When I went to Chengdu Taste, everybody in that restaurant was Chinese. But they were Chinese people who went there because of Jonathan Gold's review. And I mentioned it to Francis Lam, because you could see — they had the review. Francis said, "I hadn't thought about that before but you make a really good point. Cantonese is my first language, but I don't read it and so I'm dependent on people like Jonathan to tell me where to go." And so many of the American-born Chinese people are following non-Chinese critics to Chinese restaurants, which is fascinating.
PS: Adam Platt, a New York Magazine restaurant critic, recently revealed his identity a few months ago. How do you feel about that decision?
RR: It was honest. I was very lucky to have been a critic in the pre-cellphone days, but I think today, being anonymous is virtually impossible unless you employ a full-time cosmetician. People are snapping photos. Journalistically, it was really smart, gets everybody talking. He's totally recognizable. I mean he's huge! How is he going to disguise himself? Let's just call a spade a spade.
PS: You have spoken about the food world still being a boys' club. Do you think things will change due to the uproar cased by Time magazine's Gods of Food issue?
RR: I think things are changing. Cherry Bombe is doing this Cherry Jubilee Conference, and the real issue for women in the food world is families. You've seen people opting out in their mid-30s, because suddenly having a family and having punishing restaurant work, is really difficult. Men have the little women staying at home and watching the family. It's not just in the food industry, but in industries generally, are going to have to figure out something innovative like job sharing, so people can have a life.
PS: You have such an adventurous palate, but are there any foods that you just can't stomach?
RR: I'll eat anything, I really will. I mean, I'll taste it. I loathe honey. Actually, it was how I connected to MFK Fisher. When I went to interview her for the first time and I was so nervous. She was my goddess. I was doing this interview for Ms. Magazine. I went to her house; she offered me tea and said, "I'm sorry I don't have any honey." And I said, "Ugh, can't stand it." And she couldn't either, "Oh! Honey! Hate it, hate it." It was this instant bond. Honey haters of the world unite.
PS: You declared that LA is the most important dining city right now. What has been your last noteworthy meal there?
RR: Chengdu Taste. I just love that food so much, and there is nothing remotely like that in New York. It's such a treat. At Chengdu Taste, the waiter said, "We have a new dish, it's only available for one month a year. We call it Szechuan spring vegetable." It's something called celtuce, which I've never had before — it's lettuce stem. And my guess is that LA is probably the only place in America where they're serving Szechuan spring vegetable. The thing about LA that's so amazing is because of the demographics, you have the most authentic ethnic experiences there.
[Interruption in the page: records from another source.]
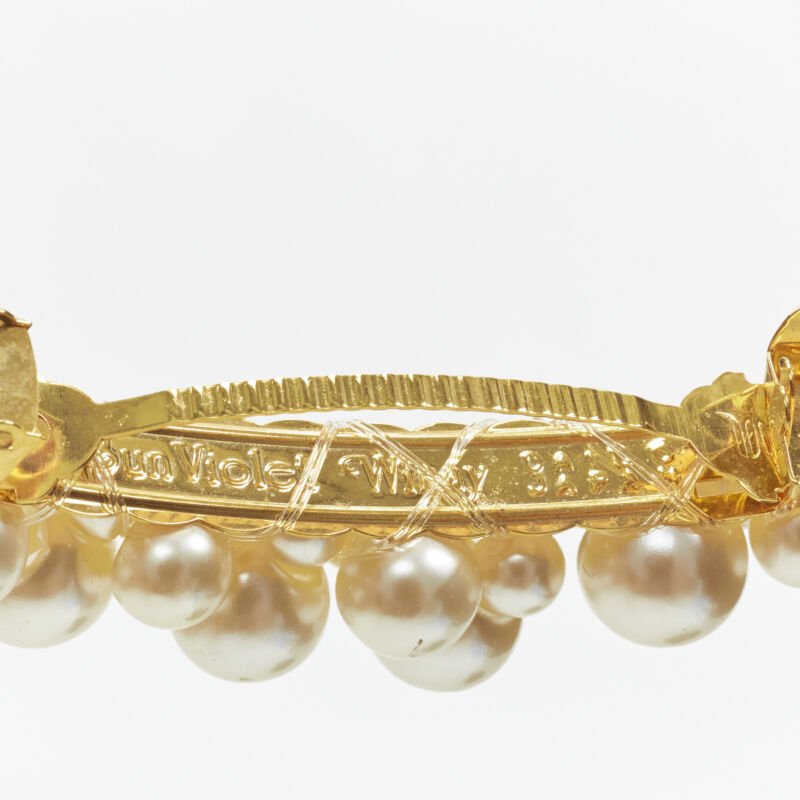 Unsigned / متعددة Bow Scrunchie - Detail 1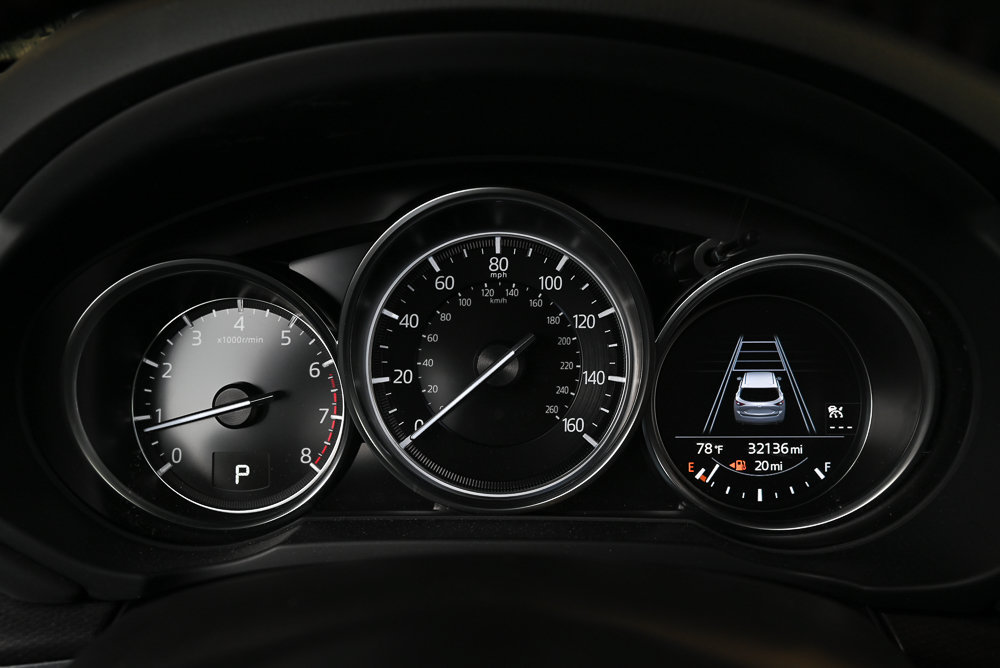 Used 2024 MAZDA CX-5 Carbon Edition AWD/4WD image 9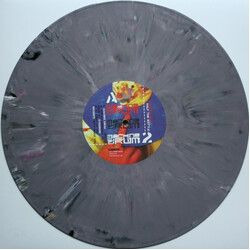 Machine Drum Half The Battle 2 USED VINYL 12INCH LIMITED EDITION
And that doesn't happen anywhere else. I think that's why it's such an important place for so many chefs.
PS: For those who want to follow in your footsteps, what advice do you have to give?
RR: First of all, eat everything. Really train your palate. Secondly, make yourself an expert in something arcane. Specializing is a really good way to make yourself valuable. Thirdly, read really good food writers and see what they do. There's some people out there who are such a pleasure to read and use words in such a wonderful way. It's really good training for your own ear.